5. Empirical Results and Discussion

Table 7 presents results from the two specifications: one with all the variables except those measuring climate variability and one with the climate variables. Another difference between the two specifications is that the first column also includes a price risk measure computed as the five-year standard deviation of the output-input price index that generally captures price variability. This variability is also computed in the same way as the climate variables from period t to period t + 5, since exit happens during that period of time. This variable is strongly correlated with the climate variability measures and with the Census Year dummy and cannot be included in the second specification to avoid multi-collinearity. In fact, this coefficient is automatically dropped by the software. The high level of correlation indicates that our choice of the climate variability measure is probably a good approximation since it is likely affecting the price variability captured by the standard deviation in the input-output price index. We avoid the impact of outliers by excluding the top 99th percentile or higher income and the bottom 1. Acres are averaged 247 over the five census periods. Interpretation of the probit coefficients is cumbersome due to the nonlinear nature of the model and, since the coefficients are only valid for small deviations from the variables’ means (since the model itself is non-linear), we present the marginal effects in a column next to the coefficient estimates.

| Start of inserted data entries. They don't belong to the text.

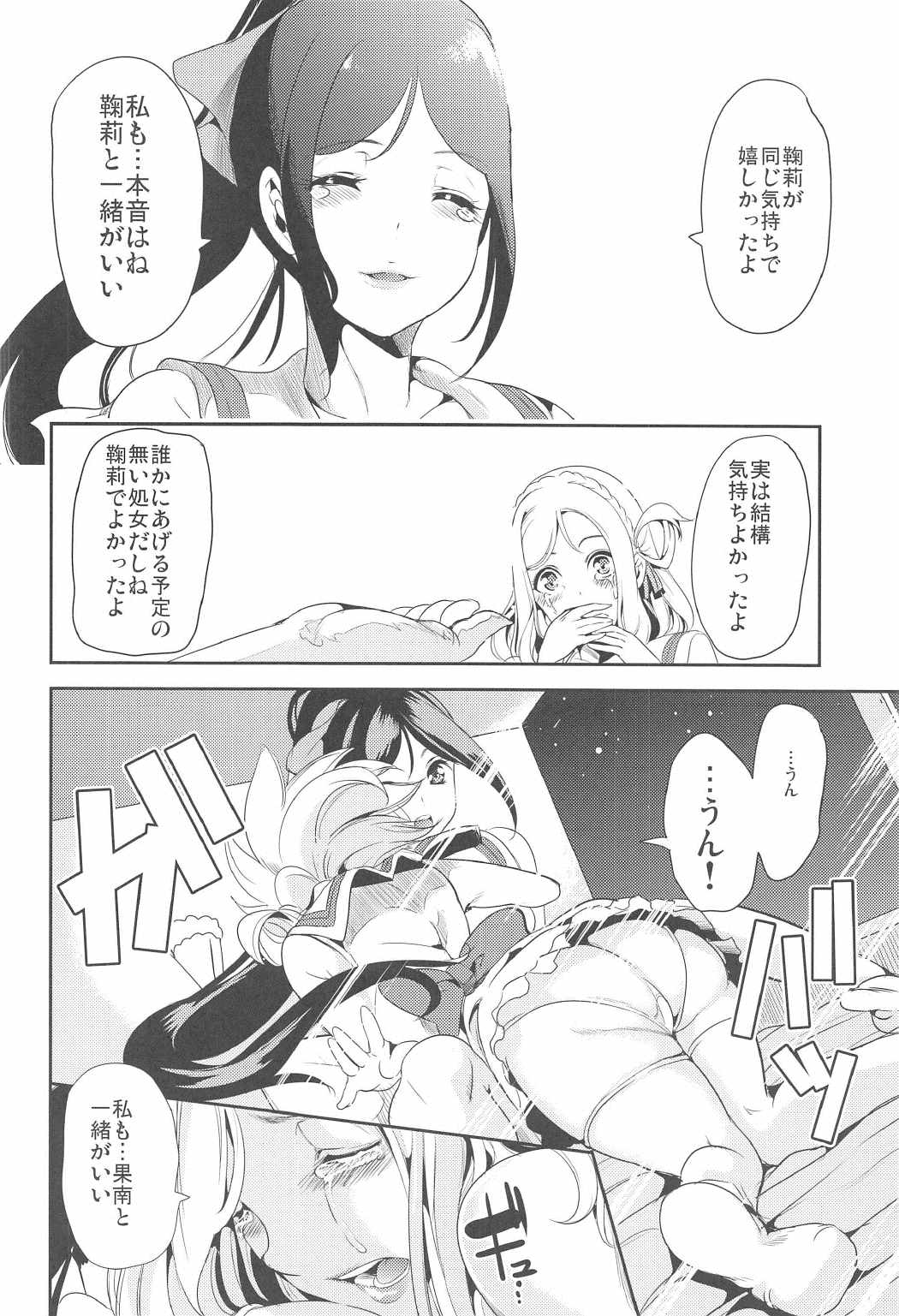 (C91) [弥美津峠 (鳳まひろ)] 此処に貴女が居ないから (ラブライブ! サンシャイン!!)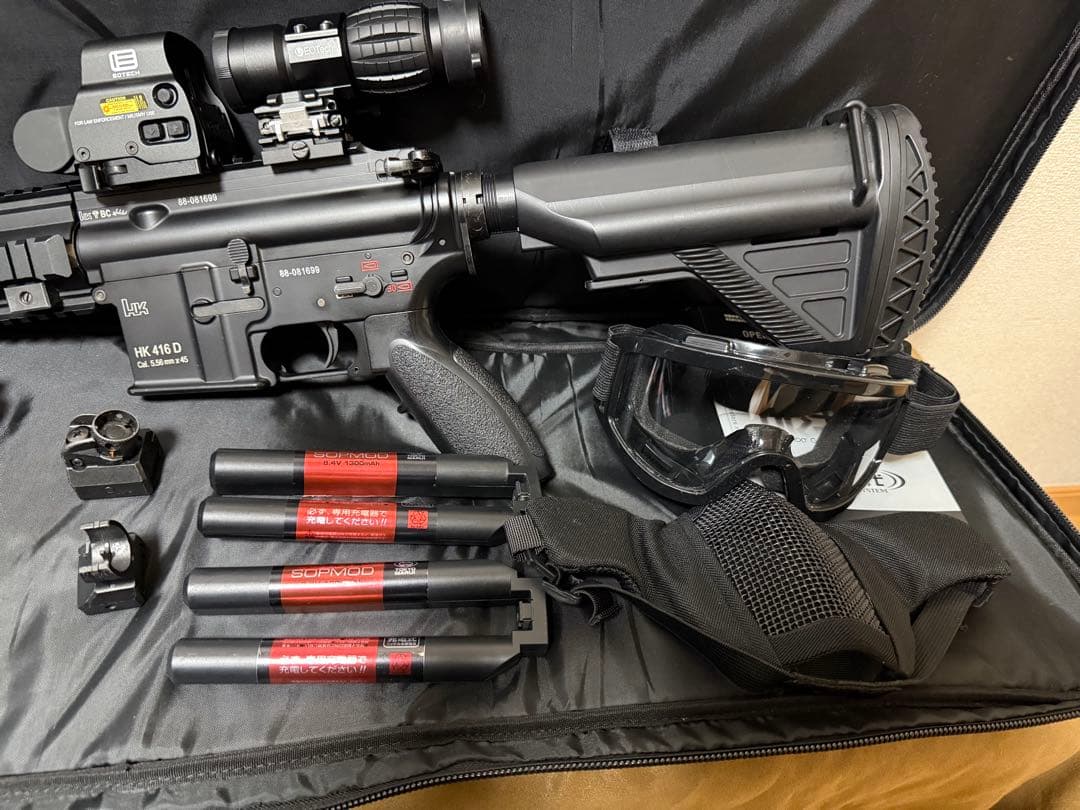 865932　東京マルイ次世代電動ガンhk416d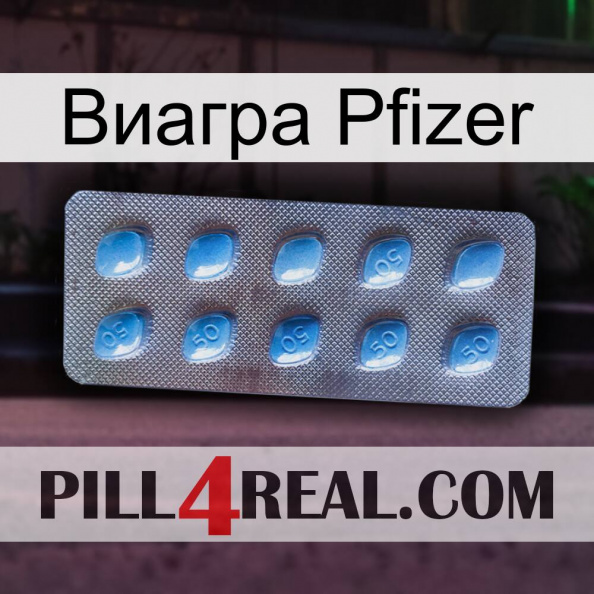 Виагра Pfizer viagra3.jpg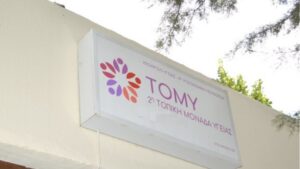 tomy proslipseis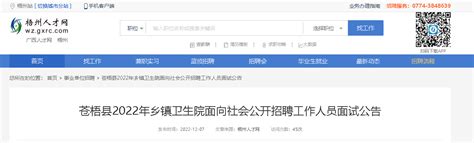 2022广西梧州市苍梧县乡镇卫生院招聘面试公告（面试时间：2022年12月10日(星期六)）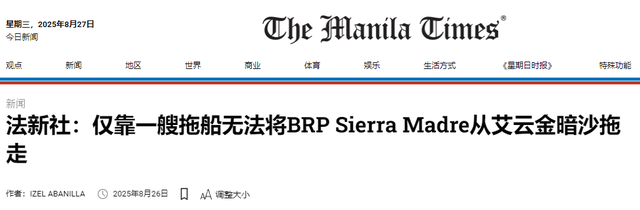菲军威胁中国，敢登座滩军舰就动武，不到72小时，中国拖船逼近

The main objective of this paper is to identify the factors that affect BFR exit and we have grouped these into cash flow related variables (ROA, sales, price variability, and government payments), stock variables (assets), demographic and industry type variables, and variables measuring the impact of climate variability. The results indicate that the main cash flow variable, ROA, does not affect the BFR exit. This was true for all but one alternative specification that we estimated and in the one where ROA was significant it was positive and significant at the 10 percent level. However, government payment intensity (GPAYINT) is significant and positive with the marginal impact of a one percent increase in the share of government payments on the probability of exit in the following census interval being 1.7%. This result is somewhat different from that of Key and Roberts [28] who found that government payments decreased county-level exit, but in line with that of Kazukauskas [30] who showed that reliance on government subsidies increases disinvestment. However, neither of these studies examined BFRs separately. Other work has shown that government policies affect BFRs and experienced farmers differently. For example, Kropp and Katchova [20] found that, while direct payments were positively related to financial variables of experienced farmers, they had no effect on those of beginning farmers.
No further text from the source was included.